Le casting de Never Let Me Go

Angus Imrie est tout à fait convaincant dans le rôle de Tommy, un jeune homme avec lequel Kathy entretient un lien particulier, sujet à des crises de colère incontrôlables dans un environnement où tout le monde est tenu de se mettre au pas. Matilda Bailes impressionne dans le rôle de sa petite amie, projetant initialement un personnage classique de « méchante fille » qui s'ouvre plus tard pour révéler des couches complexes de douleur et d'incertitude sous la pointe narcissique. La conclusion de sa tranche de l’histoire est particulièrement bouleversante.

L'adaptation utilise le procédé astucieux, initialement choquant mais gagnant en puissance au fil de la soirée, consistant à faire conclure chaque séquence par la première ligne de la scène suivante, donnant une texture filmique au scénario et augmentant constamment la tension.

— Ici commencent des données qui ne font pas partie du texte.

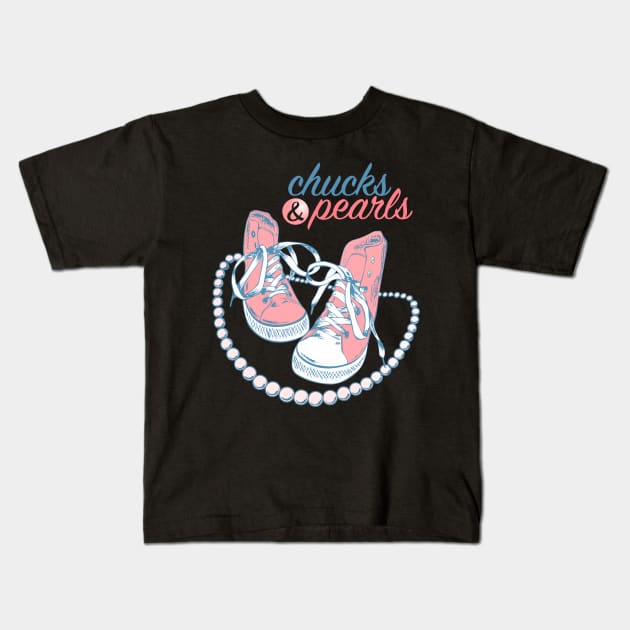 Chucks & Pearls 2021 Kids T-Shirt by SoulVector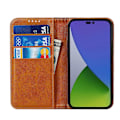 Miniatyrbild 2 av 5: För iPhone 15 Pro Tvåfärgad Splitsad PU Läder Telefonfodral Stöd Stativ Plånboksfodral Multicolor Style C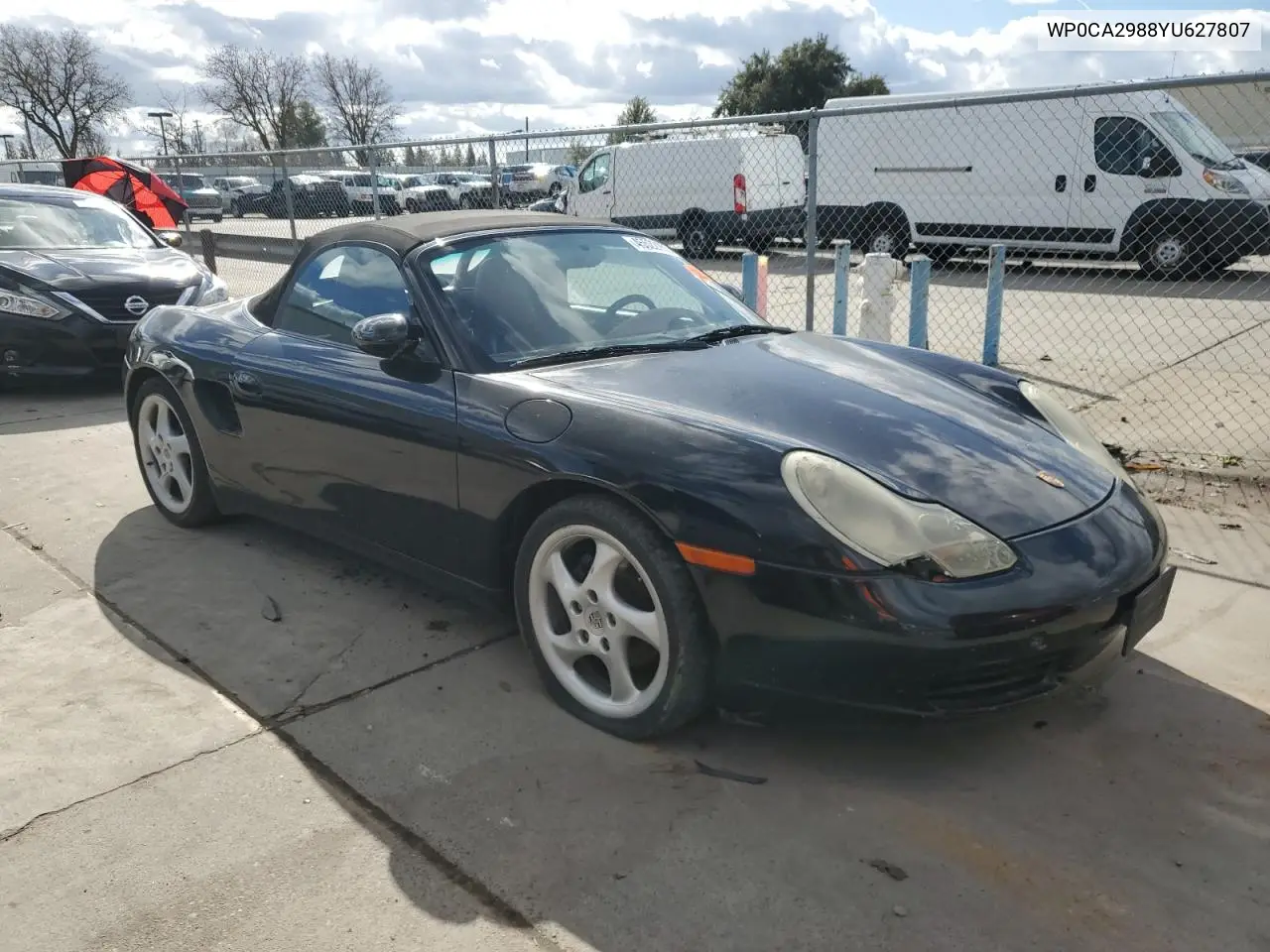 2000 Porsche Boxster VIN: WP0CA2988YU627807 Lot: 45522955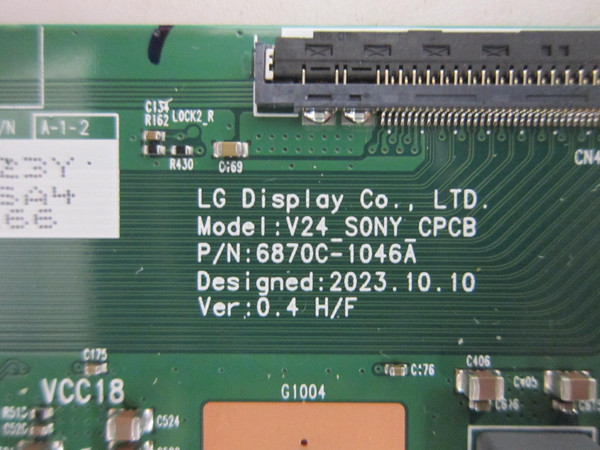 Sony K-65XR80 T-Con Board 1-020-718-21 (6870C-1046A)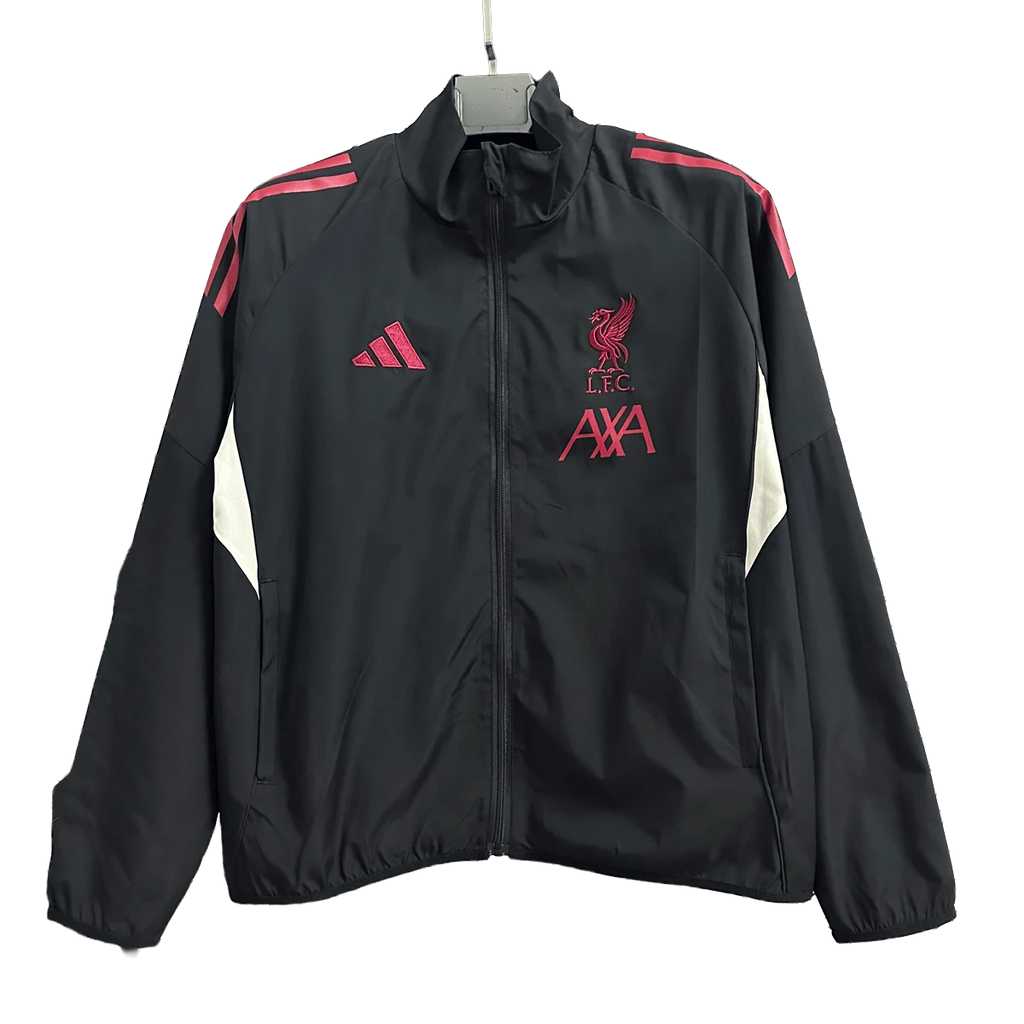 Liverpool Black Football Jacket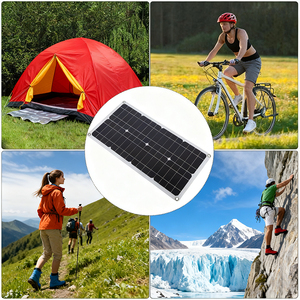 แผงโซลาร์เซลล์แบบยืดหยุ่น ALECTER 100W ผลิตจากซิลิคอนโมโนคริสตัลไลน์ กันน้ำระดับ IP67 ประสิทธิภาพสูง 23% ระบบไฟฟ้า 12V/24V - Product Image 3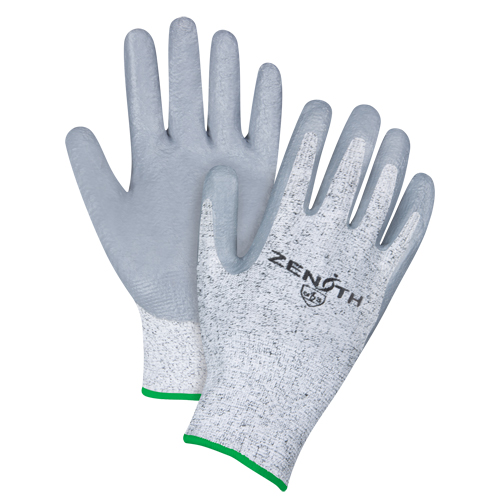 Gants &eacute;lastiques sans coutures r&eacute;sistants &agrave; la coupe, Taille Moyen/8, Calibre 13, Rev&ecirc;tement Nitrile, Enveloppe en PEHP, ANSI/ISEA 105 niveau 2/EN 388 niveau 3 D. Morneault & Fils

La façon dont le réalisateur Haydon et ses collaborateurs créatifs présentent la sombre histoire avec une normalité troublante, presque ensoleillée, du moins au début, est également ingénieuse. L'éclairage de Joshua Carr est particulièrement efficace, baignant les acteurs dans la lueur apaisante d'un souvenir d'enfance puis s'enfonçant soudainement dans la dureté d'un cauchemar kafka-esque.

Jusqu'à ce que Kathy et Tommy approfondissent la nature de leur origine et le caractère inévitable et tragique des vies qui leur sont tracées, on a le sentiment que c'est la seule existence qu'eux et leurs cohortes connaissent, isolés dans leur idylle de Hailsham, présidée par Susan Aderin. et les tuteurs bien définis d'Emilie Patry. Il ne s’agit peut-être que de science-fiction, mais l’humanité sensible dont Ishiguro imprègne ses créations sert d’avertissement puissant contre les tendances sociétales à considérer des pans entiers de personnes comme inférieures et différentes, simplement parce que cela est opportun.

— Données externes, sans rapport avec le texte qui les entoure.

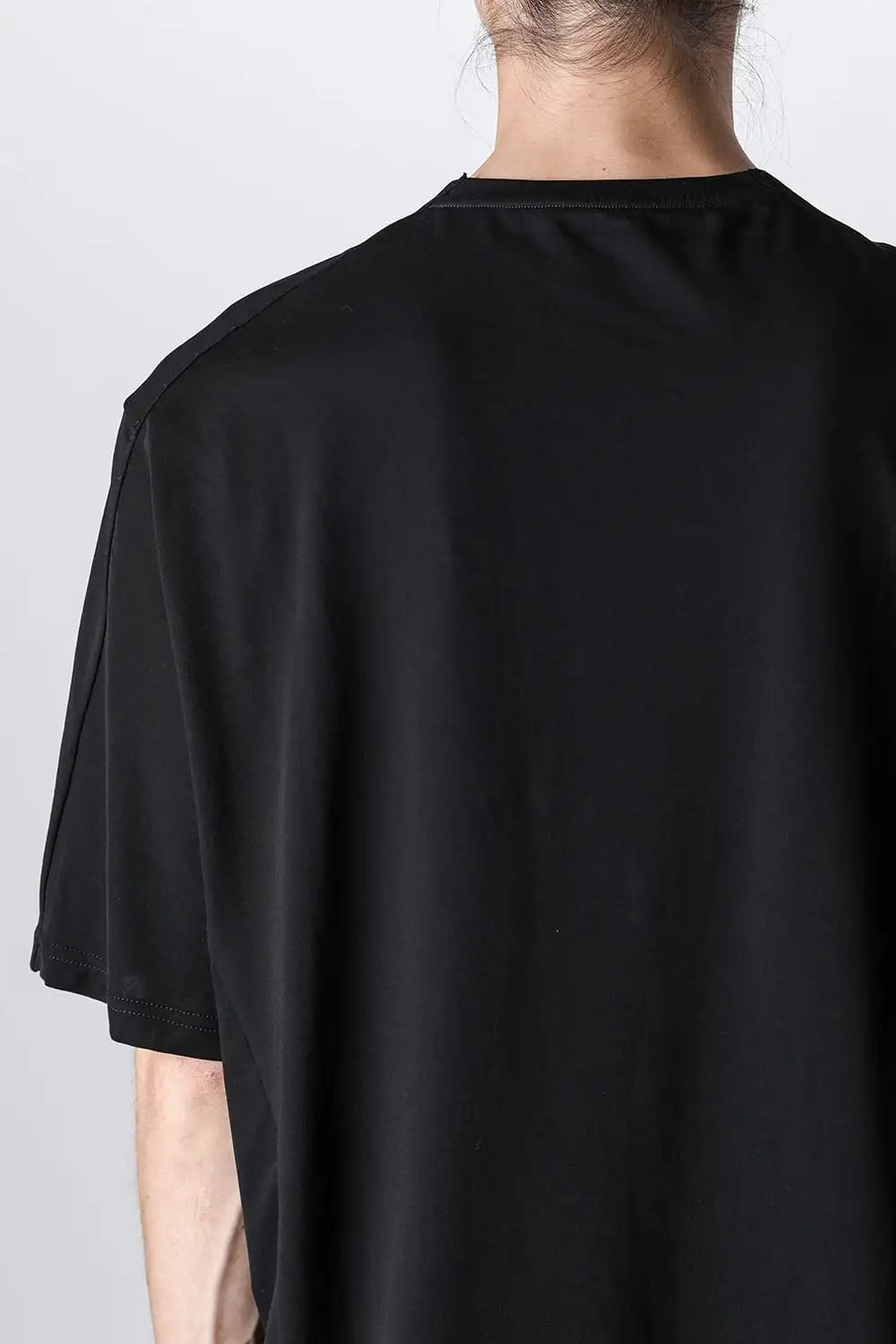 Short sleeve high twist jersey Black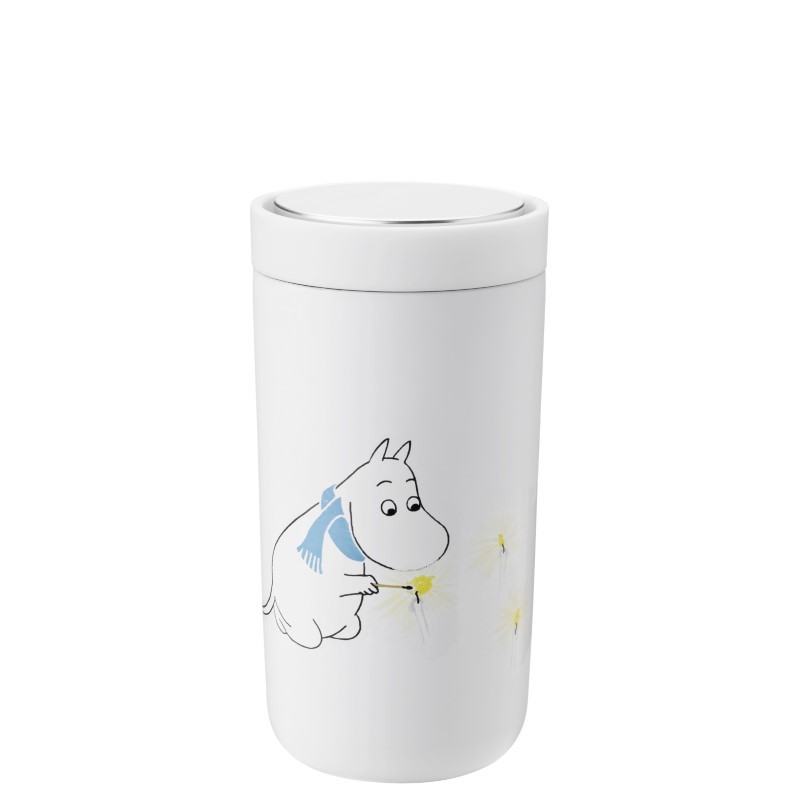 Stelton – Termohrnek To-Go Click, Mumínci (0,2 l) – frost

D'une durée de 85 minutes éprouvantes, la première mi-temps prend un peu trop de temps pour établir tout cela, mais elle donne des fruits satisfaisants dans un deuxième acte émotionnellement tumultueux. Je défie quiconque de rester insensible à la vue de Kathy et Tommy accrochés l'un à l'autre, désemparés de savoir que leur sort dans la vie n'est pas une union heureuse à long terme mais un cheminement douloureux vers la mort alors que leurs corps abandonnent leurs richesses au service. d'autres personnes avec plus d'action et de pouvoir.

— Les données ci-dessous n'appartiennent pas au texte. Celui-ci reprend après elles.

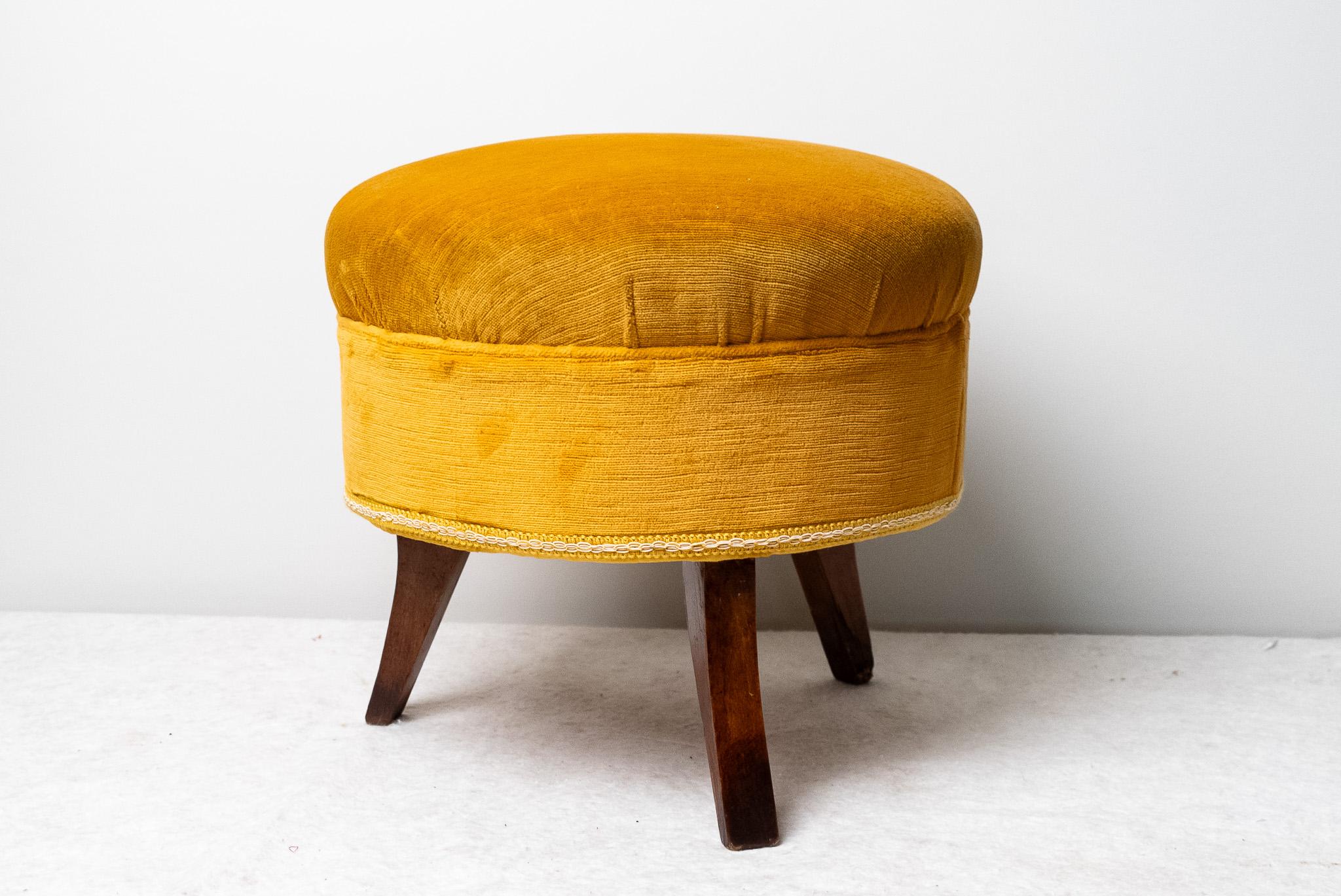 Italian Paire de poufs, fin du 19e siècle en vente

Tenir le tout ensemble est une performance tranquillement étonnante de Barlow dans le rôle de Kathy. Avec son sourire impatient et triste et son langage corporel soucieux mais hésitant, elle fait d'être bonne et gentille quelque chose de tout à fait convaincant, ce qui est un exploit assez difficile à réaliser au théâtre. Barlow transmet la veine de mélancolie profondément enracinée et non choisie qui traverse cette jeune femme remarquable, et les aperçus d'angoisse sous sa façade placide sont sublimement touchants, tout comme ses brefs moments de joie débridée.

Aussi tragique que soit l'histoire, Heathcote l'aborde avec un humour bienvenu, et la mise en scène de Haydon a une énergie vivifiante. Dans l’ensemble, cette pièce profondément captivante est l’une des adaptations scéniques les plus réussies depuis des années. Clair, cool, compulsif… et totalement dévastateur.